Unlike atakpame (coursed earth technique of building), wattle-and-daub structures can be built quickly. The structure has a frame of horizontal and vertical poles, into which molded earthen balls are pressed to create walls. Whereas atakpame must be allowed to dry thoroughly before the next course is added, the "wattle" framing allows the "daub" to be placed and the walls completed without waiting for lower levels to dry. Ahenkro, December, 1982.
Creative Commons Attribution-NonCommercial
University of Victoria Libraries
Thatched roofs; Wattle and daub; Building, Clay; Housing
Houses along the main street of Wewa. Doorways lead to interior courtyards of these compounds. Walls are made primarily using an atakpame (coursed earth) technique, though the pillared verandah wall (far right) was made with sun-dried bricks. Part of the roof of the near compound has recently been re-thatched. The streets and houses are kept clear of grass and other plants. Wewa, December, 1982.
The walls of an atakpame (coursed-earth) structure drying before the next course of earthen building material is added. Behind, to the left, a block constructed building in progress and houses with metal roofs. Dompofie, September, 1982.
A skilled builder (Akwasi Nyua Tonyaa) places atakpame balls on the previously laid and dried course of earthen wall. He carefully molds the moist earthen ball to the dry course to ensure a strong wall. Dompofie, September, 1982.
Hunters (bͻfͻ; pl. bͻfͻͻlͻ in Nafaanra) with firearms, Fawoman, August, 1982. In times past, "bush" meat was important to local life. Archaeological evidence shows that people relied on a wide range of wild animals--from grasscutters to large carnivores--as sources of meat and valued materials like skins. From 1971 hunting was banned within the newly established Bui National Park (a Wildlife Protected Area covering more than 1800 km2). From 1989, Ghana's Wildlife Conservation (Amendment) Regulations (L. I. 1452) banned unlicensed hunting outside of park lands.

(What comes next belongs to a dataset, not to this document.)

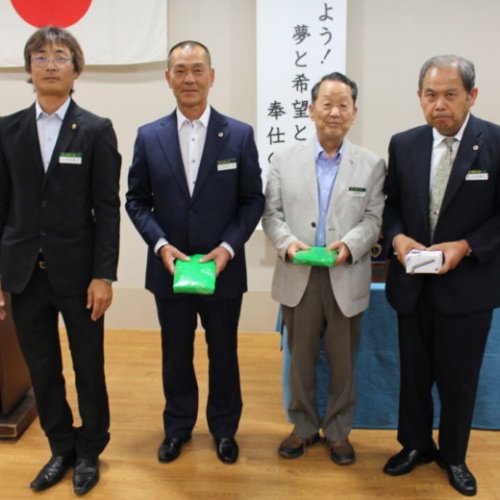 2018年7月第一例会
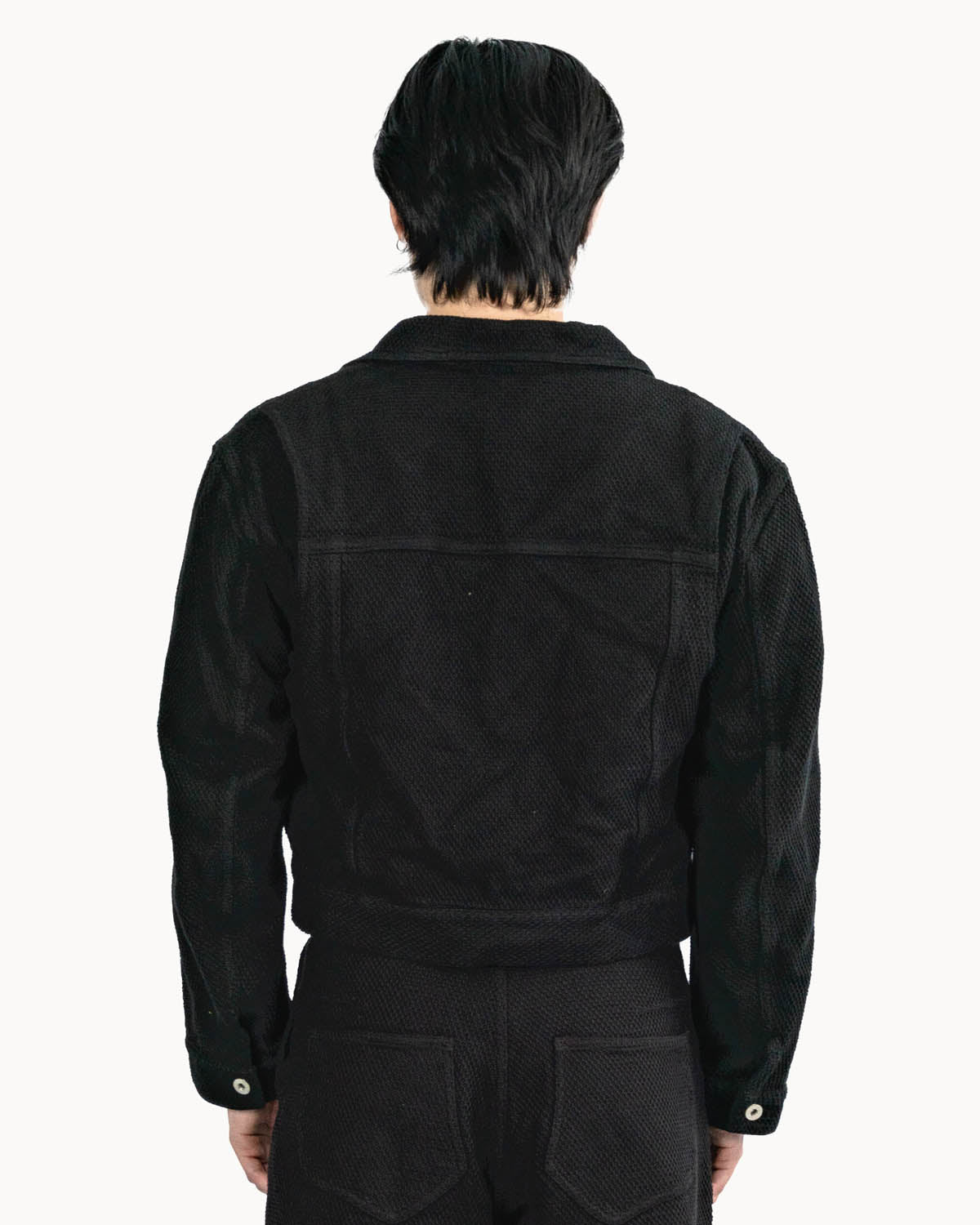FITTED JEAN JACKET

Oral histories describe hunters as individuals whose knowledge of the land was important to communities as they sought to establish settlements in new areas. Fawoman, September, 1982.
Family members work together at farm to process calabash (gourd; chrԑ in Nafaanra) grown as both a cash crop and a source of household objects and its seeds as a soup ingredient. The men use large knives to split the calabash, after which they will remove its pulpy center and scrape its interior walls. Pictured here are (left to right) Maa Afia (girl), Ama Bosin (woman), O. K. Kwabena Krah, Nduo Wulo Kwadwo and Joshua Tandor. Farm on the outskirts of Banda-Ahenkro, August, 1982.
Joshua Tandor uses a metal blade and a mallet to split a calabash (chrԑ in Nafaanra) in half. The pulp and seeds are removed and the calabash walls scraped clean before being set aside to dry. The resulting calabash bowls (chrԑgbͻͻ) are sold at market while the seeds are a prized soup ingredient (fnumu). Farmstead on the outskirts of Banda-Ahenkro, August, 1982.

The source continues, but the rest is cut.